» Data below:
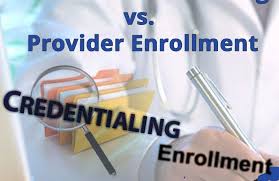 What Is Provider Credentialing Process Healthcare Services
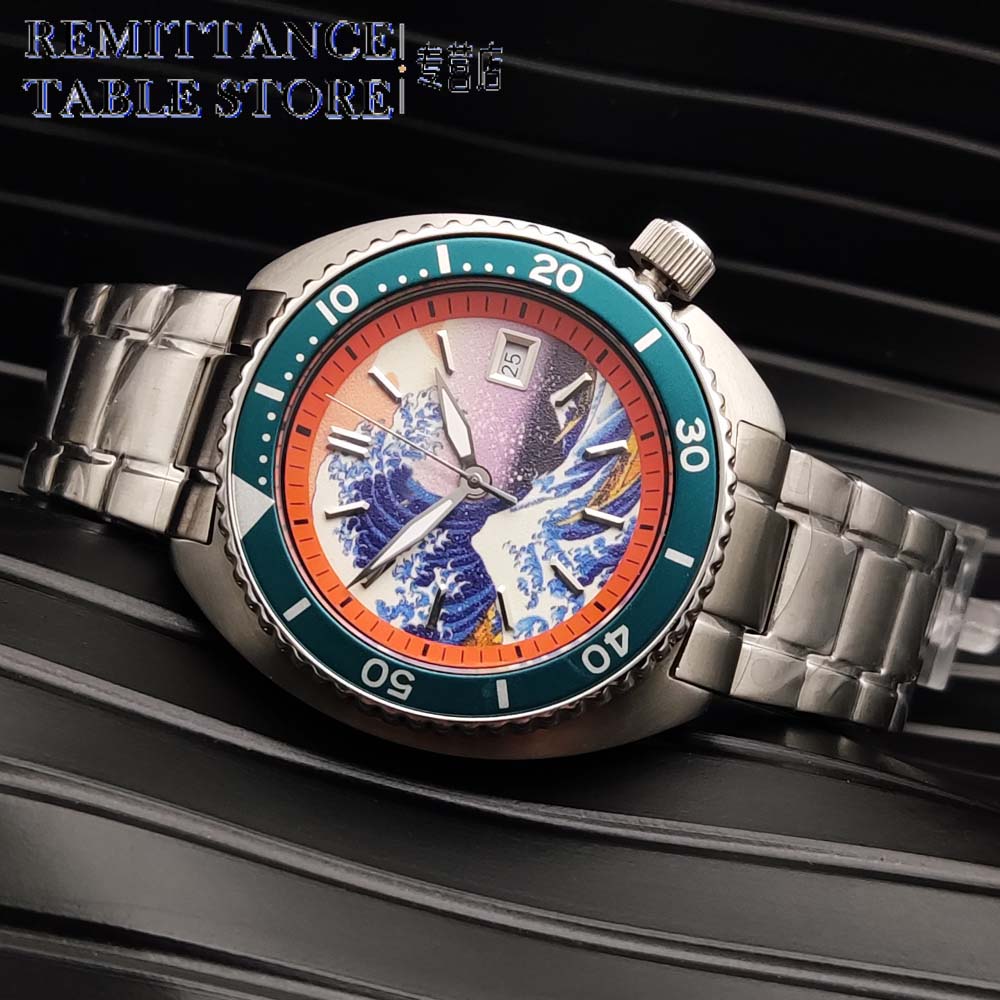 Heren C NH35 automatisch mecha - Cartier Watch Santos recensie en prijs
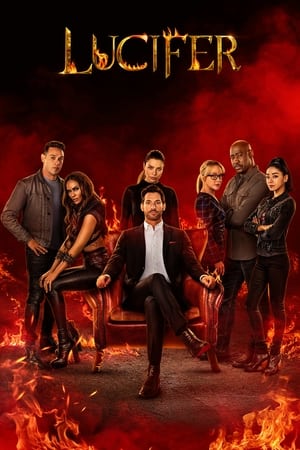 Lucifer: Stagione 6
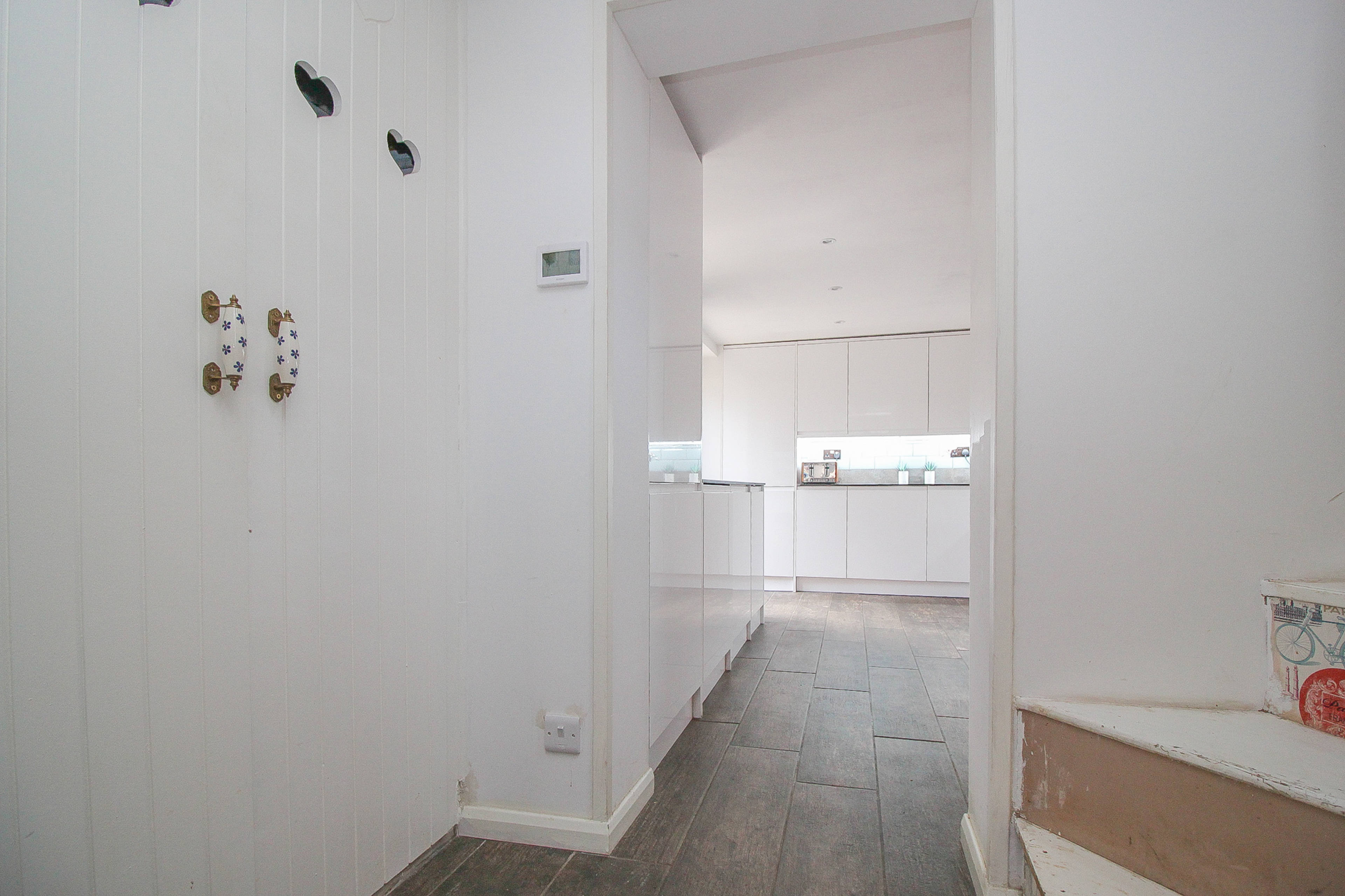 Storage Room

» Directions for this task:
When copying, output the data exactly and leave out the pictures.

» Result of the task:
 What Is Provider Credentialing Process Healthcare Services
 Heren C NH35 automatisch mecha - Cartier Watch Santos recensie en prijs
 Lucifer: Stagione 6
 Storage Room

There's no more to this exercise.